We’re All Human
Yesterday, December 10, marked the anniversary of the United Nations Assembly’s adoption of the Universal Declaration of Human Rights in 1948. Since that time, a whole network of human rights instruments and mechanisms has been developed to ensure the primacy of human rights and to confront human rights violations wherever they occur.
Human rights are the foundation of freedom, peace, development, and justice. In other words, without human rights, there can be no real democracy. Yet there are still violations of human rights that go on all over the world, all of the time.
Who are human rights defenders and what do they do? Here are just a few examples of who they are:
- Volunteers at a civil rights organization
- A citizen who wants to make the world a better place
They are of all ages and have diverse backgrounds and occupations. There is no special qualification to be a human rights defender – all it takes is commitment and courage.
What do human rights defenders do?
- Investigate human rights violations
- Help people whose human rights have been violated
- Protect the rights of minorities – racial, sexual, gender, religious, and others
- Stand up, speak out – using newspapers, television, blogs, and tweets
Where do human rights defenders work? All around the world, in developed and developing countries, in democratic and autocratic countries.
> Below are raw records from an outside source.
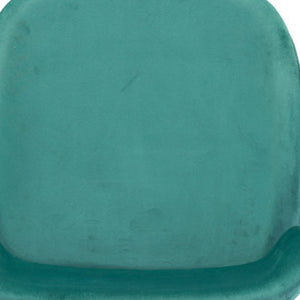 Homeroots 31" Green And Black Steel Low Back Bar Height Bar Chair   396384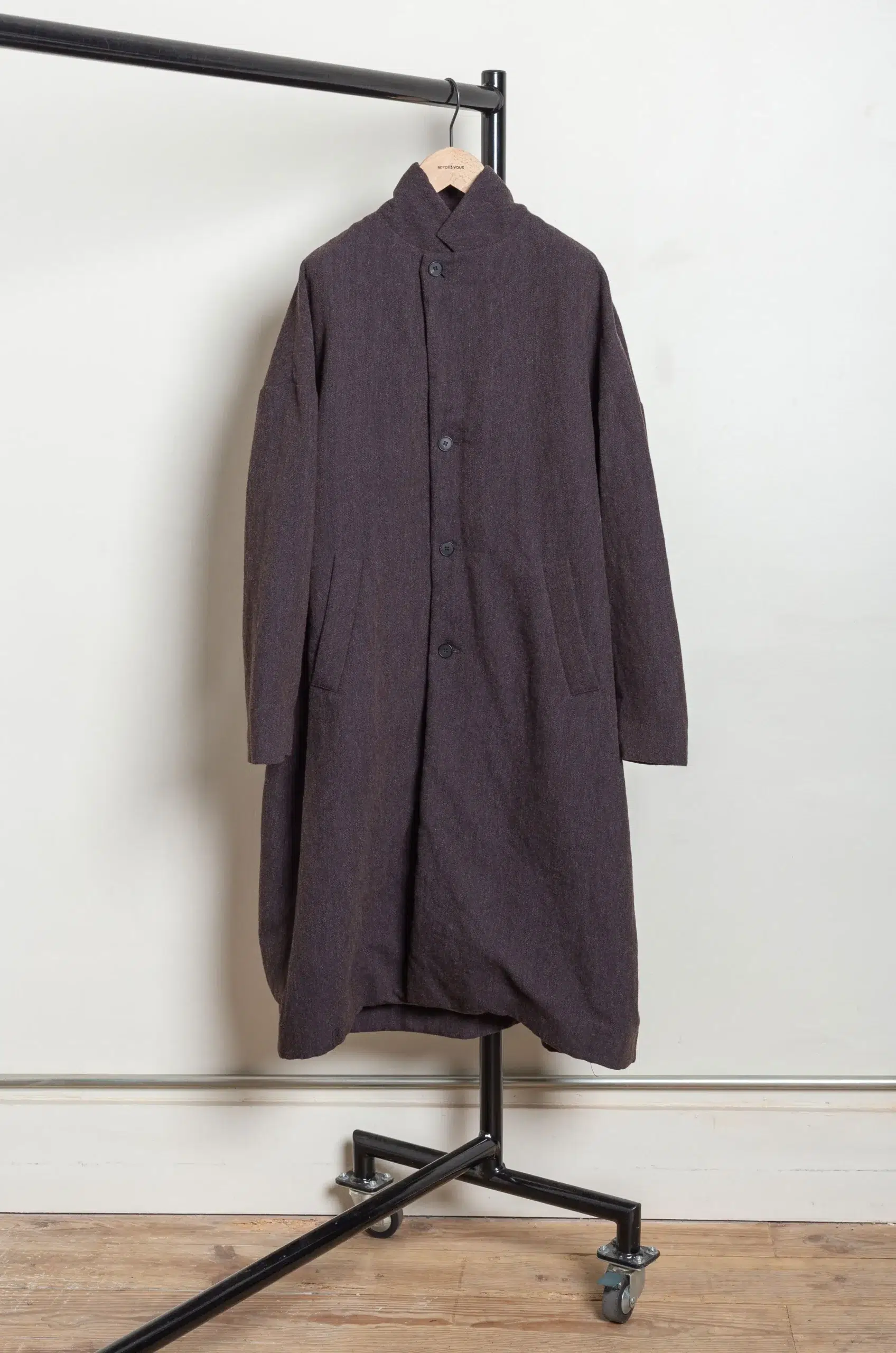 Bergfabel - MILLIE COAT BFWC221/ 261 - BROWN NAVY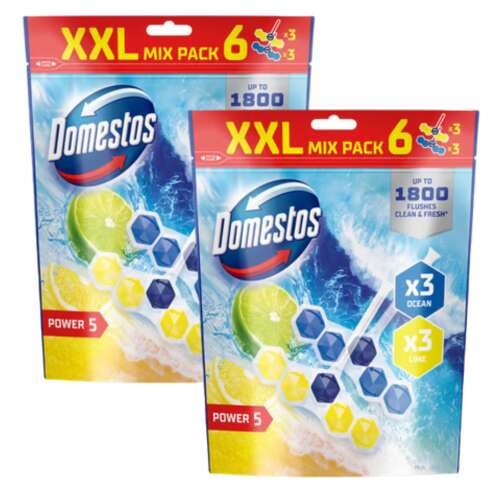 Domestos Power5 WC frissítő blokk mix Lime & Ocean (12x50g)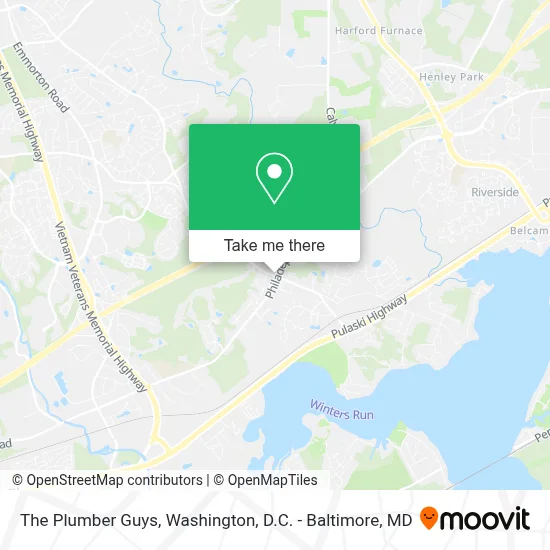 The Plumber Guys map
No matter where they are, who they are, or what they do, what do all human rights defenders have in common? They all share a commitment to expose wrongdoing, protect the most vulnerable and end impunity. They all have the fundamental conviction that human rights must be protected and promoted.
In most countries, human rights defenders are arrested, beaten, tortured, and murdered for the work they do. Their friends and family members are also subjected to harassment and intimidation.
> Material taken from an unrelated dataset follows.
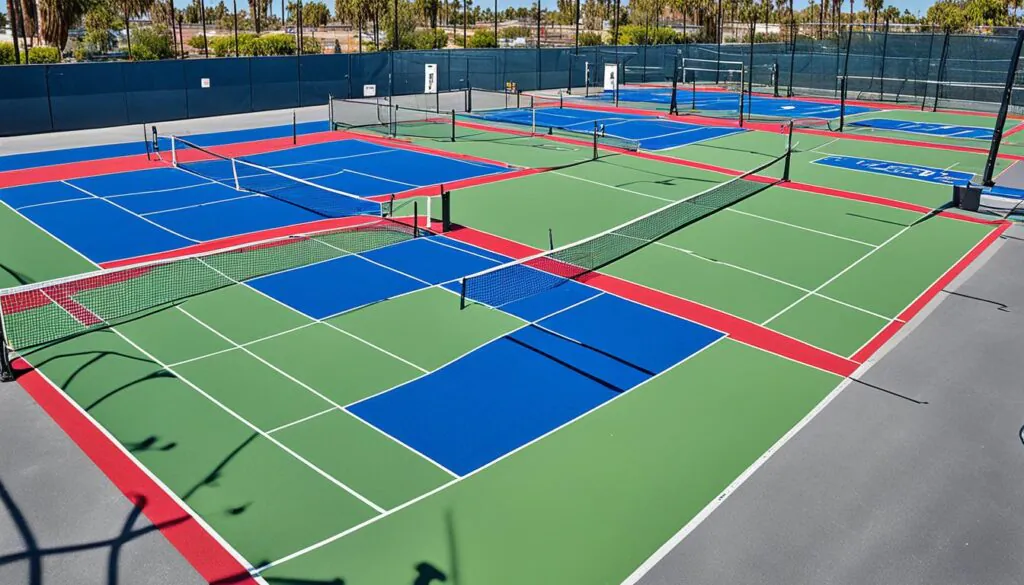 features of La Cienega pickleball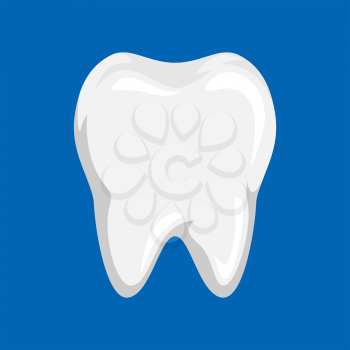 Illustration of clean tooth. Dental icon. Dentistry care concept.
Please take a few moments to visit the United Nations Human Rights Day 2010 page, and learn more about the people who are working, usually without any recognition of their actions and sometimes putting themselves in danger, to protect the rights of people around the world. We can all be human rights defenders, and – given how much we owe to others for the rights many of us now take for granted – we all should be human rights defenders. At the very least, we should do our utmost to support those who do defend human rights.
Think of what YOU can do to stop human rights abuses – it does not have to be something big, or take a lot of time. But all of us have a voice, and if we work together, we can make ourselves heard. As the UN Secretary General said:
“When the lives of human rights advocates are endangered, we are all less secure.
When the voices of human rights advocates are silenced, justice itself is drowned out.
On this Human Rights Day, let us be inspired by those seeking to make our world more just. And let us remember that everyone — no matter their background, training or education — can be a human rights champion.
So let us use that power. Let us each be a human rights defender.”